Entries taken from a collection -
=====

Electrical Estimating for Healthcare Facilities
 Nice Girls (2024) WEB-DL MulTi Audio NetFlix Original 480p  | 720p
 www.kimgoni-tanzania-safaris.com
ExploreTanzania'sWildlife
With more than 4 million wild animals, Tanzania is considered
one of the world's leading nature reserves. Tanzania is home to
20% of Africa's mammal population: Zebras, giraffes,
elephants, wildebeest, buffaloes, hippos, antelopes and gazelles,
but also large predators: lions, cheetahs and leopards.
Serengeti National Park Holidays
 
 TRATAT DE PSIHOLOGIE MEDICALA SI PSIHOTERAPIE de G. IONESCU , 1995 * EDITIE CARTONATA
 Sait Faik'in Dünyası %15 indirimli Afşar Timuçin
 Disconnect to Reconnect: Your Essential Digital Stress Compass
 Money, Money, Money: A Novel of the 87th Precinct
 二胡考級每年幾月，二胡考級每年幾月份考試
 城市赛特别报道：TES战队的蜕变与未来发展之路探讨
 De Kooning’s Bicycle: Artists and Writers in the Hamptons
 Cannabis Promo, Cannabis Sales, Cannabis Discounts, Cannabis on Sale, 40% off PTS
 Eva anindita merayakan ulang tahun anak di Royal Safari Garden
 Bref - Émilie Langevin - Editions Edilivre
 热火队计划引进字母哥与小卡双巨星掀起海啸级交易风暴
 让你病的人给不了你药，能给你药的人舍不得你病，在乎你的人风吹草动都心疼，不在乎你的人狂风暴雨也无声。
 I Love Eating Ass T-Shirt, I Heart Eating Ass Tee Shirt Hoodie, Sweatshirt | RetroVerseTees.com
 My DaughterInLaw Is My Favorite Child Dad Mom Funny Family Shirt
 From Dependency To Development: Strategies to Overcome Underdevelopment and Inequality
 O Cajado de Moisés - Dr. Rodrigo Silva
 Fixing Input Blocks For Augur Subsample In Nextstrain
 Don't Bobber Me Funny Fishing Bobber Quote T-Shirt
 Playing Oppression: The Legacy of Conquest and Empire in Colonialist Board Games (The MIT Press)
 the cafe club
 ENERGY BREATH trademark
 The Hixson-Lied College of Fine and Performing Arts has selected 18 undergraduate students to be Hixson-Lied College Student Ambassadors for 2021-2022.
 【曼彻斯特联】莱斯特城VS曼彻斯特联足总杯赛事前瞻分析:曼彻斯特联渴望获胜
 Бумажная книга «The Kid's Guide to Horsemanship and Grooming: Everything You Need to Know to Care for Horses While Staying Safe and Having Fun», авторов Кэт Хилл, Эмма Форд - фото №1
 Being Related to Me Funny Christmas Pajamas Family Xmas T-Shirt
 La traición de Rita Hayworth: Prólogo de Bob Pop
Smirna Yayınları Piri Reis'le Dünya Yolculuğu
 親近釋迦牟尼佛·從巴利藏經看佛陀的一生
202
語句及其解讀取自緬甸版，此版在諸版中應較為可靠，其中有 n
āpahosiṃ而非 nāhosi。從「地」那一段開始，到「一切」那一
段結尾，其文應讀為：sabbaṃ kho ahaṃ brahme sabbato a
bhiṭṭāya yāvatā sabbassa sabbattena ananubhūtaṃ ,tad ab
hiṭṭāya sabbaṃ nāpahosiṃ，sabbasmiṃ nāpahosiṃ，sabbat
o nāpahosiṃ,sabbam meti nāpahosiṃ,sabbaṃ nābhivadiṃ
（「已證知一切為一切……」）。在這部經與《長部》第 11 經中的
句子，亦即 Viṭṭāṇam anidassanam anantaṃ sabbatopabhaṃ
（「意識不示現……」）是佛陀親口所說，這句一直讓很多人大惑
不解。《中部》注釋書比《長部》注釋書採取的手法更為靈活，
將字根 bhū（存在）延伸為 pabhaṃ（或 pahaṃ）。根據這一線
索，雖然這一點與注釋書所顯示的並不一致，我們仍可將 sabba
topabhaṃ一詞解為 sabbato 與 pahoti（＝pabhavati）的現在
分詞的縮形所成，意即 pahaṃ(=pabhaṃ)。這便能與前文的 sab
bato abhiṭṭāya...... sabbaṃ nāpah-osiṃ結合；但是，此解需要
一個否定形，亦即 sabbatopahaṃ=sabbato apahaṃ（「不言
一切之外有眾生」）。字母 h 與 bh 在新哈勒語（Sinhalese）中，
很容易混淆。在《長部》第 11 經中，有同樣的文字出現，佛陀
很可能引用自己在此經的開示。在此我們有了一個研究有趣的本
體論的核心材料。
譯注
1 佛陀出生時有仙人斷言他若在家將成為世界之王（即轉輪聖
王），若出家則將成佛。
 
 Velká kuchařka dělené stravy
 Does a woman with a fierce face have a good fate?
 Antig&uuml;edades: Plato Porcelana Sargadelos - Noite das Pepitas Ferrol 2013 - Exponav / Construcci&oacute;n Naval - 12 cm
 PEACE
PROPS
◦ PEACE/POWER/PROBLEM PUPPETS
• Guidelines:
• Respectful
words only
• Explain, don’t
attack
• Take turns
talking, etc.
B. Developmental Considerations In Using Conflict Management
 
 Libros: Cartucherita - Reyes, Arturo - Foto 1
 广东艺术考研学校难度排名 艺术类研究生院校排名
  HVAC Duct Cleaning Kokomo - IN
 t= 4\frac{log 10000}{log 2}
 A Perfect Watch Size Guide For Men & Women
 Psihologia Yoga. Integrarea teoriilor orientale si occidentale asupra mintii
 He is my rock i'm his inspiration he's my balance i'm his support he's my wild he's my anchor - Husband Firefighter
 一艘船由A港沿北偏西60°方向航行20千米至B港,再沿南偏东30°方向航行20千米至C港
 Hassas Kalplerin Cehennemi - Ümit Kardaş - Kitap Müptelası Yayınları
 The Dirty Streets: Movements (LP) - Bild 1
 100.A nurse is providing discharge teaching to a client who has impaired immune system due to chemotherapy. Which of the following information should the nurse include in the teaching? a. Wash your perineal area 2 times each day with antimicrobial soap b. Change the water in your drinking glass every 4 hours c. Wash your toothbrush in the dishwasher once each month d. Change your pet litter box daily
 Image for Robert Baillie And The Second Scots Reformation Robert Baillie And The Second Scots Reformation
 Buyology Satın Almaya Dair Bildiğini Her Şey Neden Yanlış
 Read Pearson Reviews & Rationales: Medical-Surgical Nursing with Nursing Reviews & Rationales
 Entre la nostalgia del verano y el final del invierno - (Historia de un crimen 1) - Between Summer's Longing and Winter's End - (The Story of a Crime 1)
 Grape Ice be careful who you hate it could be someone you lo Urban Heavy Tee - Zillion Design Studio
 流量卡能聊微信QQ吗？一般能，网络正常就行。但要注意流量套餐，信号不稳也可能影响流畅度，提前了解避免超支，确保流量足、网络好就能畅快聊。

=====

What the task asks -
Your answer must be the lines from the first line of the entries above through the line that contains "20% of Africa's", written out exactly.

Task output -
Electrical Estimating for Healthcare Facilities
 Nice Girls (2024) WEB-DL MulTi Audio NetFlix Original 480p  | 720p
 www.kimgoni-tanzania-safaris.com
ExploreTanzania'sWildlife
With more than 4 million wild animals, Tanzania is considered
one of the world's leading nature reserves. Tanzania is home to
20% of Africa's mammal population: Zebras, giraffes,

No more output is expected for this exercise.